このシリーズは、とても素晴らしい試みですね。前回は20時から、今回は19時30分から開演ということですが、仕事を終えて帰宅をする方たちが途中でホールへちょっと立ち寄り、クラシックの名曲を聴いてリラックスできるチャンスは、東京でもまだ少ないと思います。クラシックのコンサートが日常生活の中にあり、毎日のシーンに音楽がすっと入り込んでくるような関係を築きたいですし、『夜クラシック』はそうした楽しみ方を提供する素晴らしい機会だと言えるでしょう。ですから今回のプログラミングは、いろいろなことがあった1日の終わりにゆったりとした気持ちで音楽を楽しめるような構成にしました。コンサートが始まると自然に音楽との距離が近くなり、聴き進むにつれていろいろな思いが深まっていき、「今日はコンサートを聴いてよかった」と思いながらホールを後にしていただけるとうれしいです。

新しい発見や楽しみもクラシック音楽を聴く醍醐味

——前半はショパンの「ワルツ」を5曲、そして有名な「ノクターン第20番」と「バラード第1番」が続き、後半はベートーヴェンのピアノ・ソナタを2曲演奏していただきます。

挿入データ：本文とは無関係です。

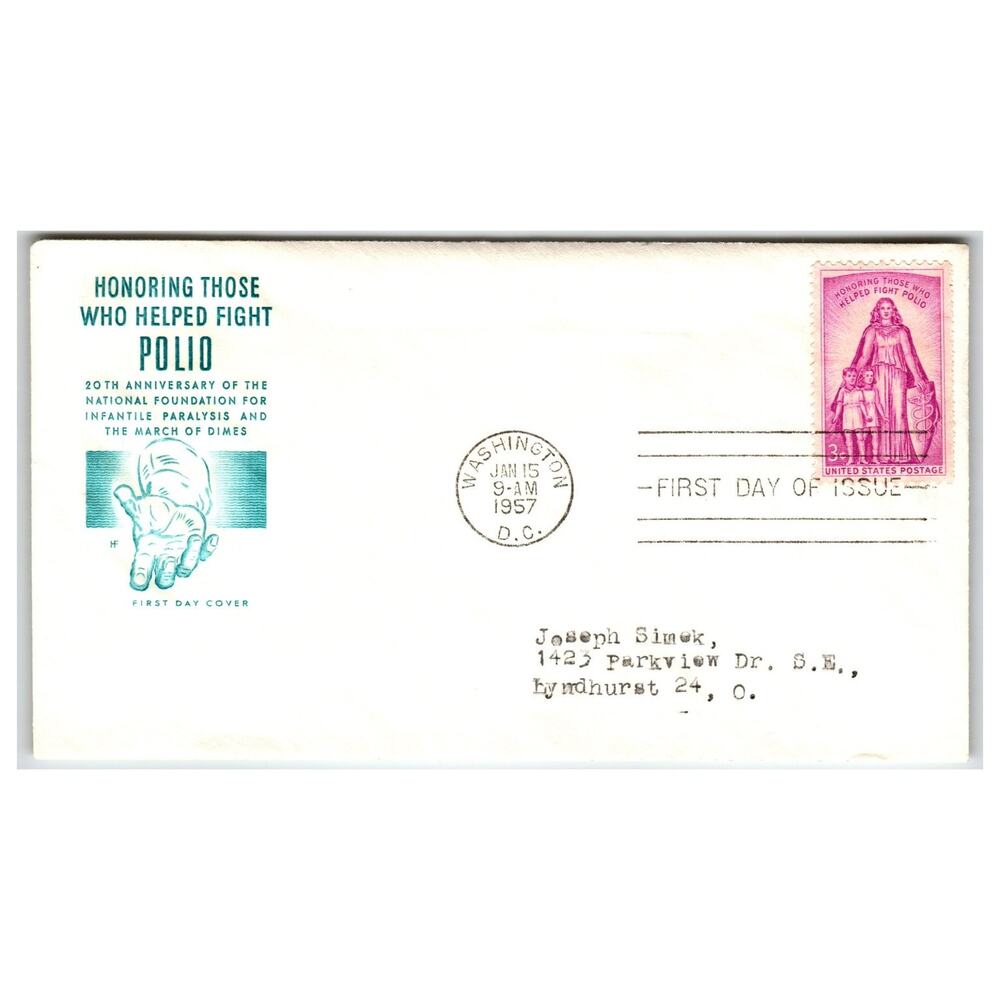Scott #1054 1957 Polio Fight 3c Stamp First Day Cover FDC Washington DC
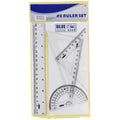 DRAFTING SET 4PCS RULER SET SQUARES PROTRACTOR 20CM TRANSPARENT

ショパンの「ワルツ」はレコーディングのプランがありますので、あらためて弾きながら研究を重ねているところです。「エチュード」や「プレリュード」ほかいろいろなスタイルで作曲していたショパンですが、「ワルツ」に関してはもっとも気負いなく、親しい友人にさらさらっと手紙をしたためるような気分で書いたのかもしれません。短期間ながらウィーンにも滞在していたので、貴族たちが華麗に踊るウィンナ・ワルツの影響も多少はあると思いますが、それよりもショパン自身のつぶやきと言いますか、何気ない日常の中にある「(3拍子で)♪エッ・セン・ス」のような感じで、自分の気持ちを表に出している音楽だと感じます。同じ3拍子の音楽でも「マズルカ」や「ポロネーズ」は故郷ポーランドへの思いが詰まっていて、背負っているものが重いのかもしれません。5曲の「ワルツ」にはそれぞれショパンの美質が表れていますし、「ワルツだから」と一括りにはできないほど音楽の表情も違います。たとえば「ワルツ第3番」(イ短調、op.34-2)はちょっと陰がある曲調ですので、「え、これがワルツなの?」と思う方もいらっしゃるでしょう。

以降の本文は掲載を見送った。